Evet, sonucu bilmiyorum. Lakin bildiğim bir şey var.
Dünyanın tüm milletleri kadar alnı yüksekte milletimiz seçim
sandığında doğmadı.
Yakup Kadri’nin Yaban’da “Biz Türk
değiliz ki, o senin dediklerin Haymana’da
yaşar” diye anlattıkları yalan mı?
Kütahya’da adını bilmediği düşmanının ardından koşan atın ardında
bıraktığı toz bulutunda doğdu. Van’da depremden enkaz altından
günler sonra kurtarılan Azra bebeği taşıyan
kucakta doğdu. Soma’da madenden ancak ölüsü çıkanların tabutunu
taşıyan dirilerin omuzlarında doğdu.
Birlikte üzülüyor birlikte seviniyorsanız,
aynı türküye ağlıyor aynı fıkraya gülüyorsanız
ulus olursunuz. Kader birliği yoksa aynı dili
konuşmak ne işe yarar?
Bildiğim şey, millet sandıkta doğmadı ama sandıkta bölündü.

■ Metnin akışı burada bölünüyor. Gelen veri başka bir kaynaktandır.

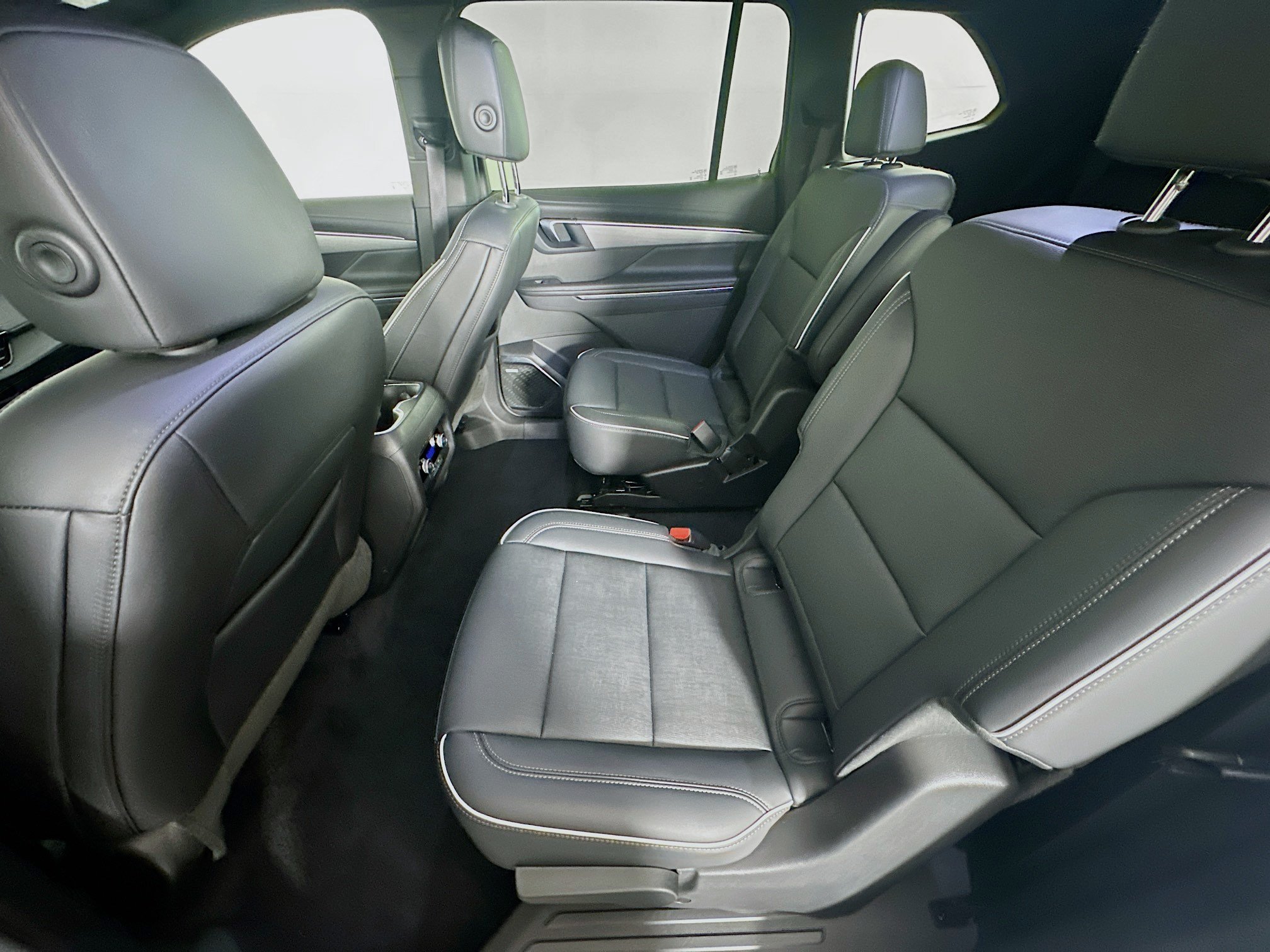 Used 2025 Buick Enclave Preferred FWD image 28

Yarısı zillet, yarısı hain, yarısı kâfir oldu.
Öteki yarısı kazanırsa kendisine yaşayamayacağı bir ülke kalacağına
inanan bir kalabalığa ulus denir mi? Her seçimden sonra kendisine
başka vatanlar gösterilenler birlikte yaşayabilir mi? Aramıza bir
hendek kazdılar, içini sandıkla doldurdular. Yarısı tanımadığı
hasmına karşı kazandığı zaferi kutluyor. Öbür yarısı kendinden
eksilenlerin yasını tutuyor. Vatan da hürriyet de
ölmez
İnsanın büyük bir ya...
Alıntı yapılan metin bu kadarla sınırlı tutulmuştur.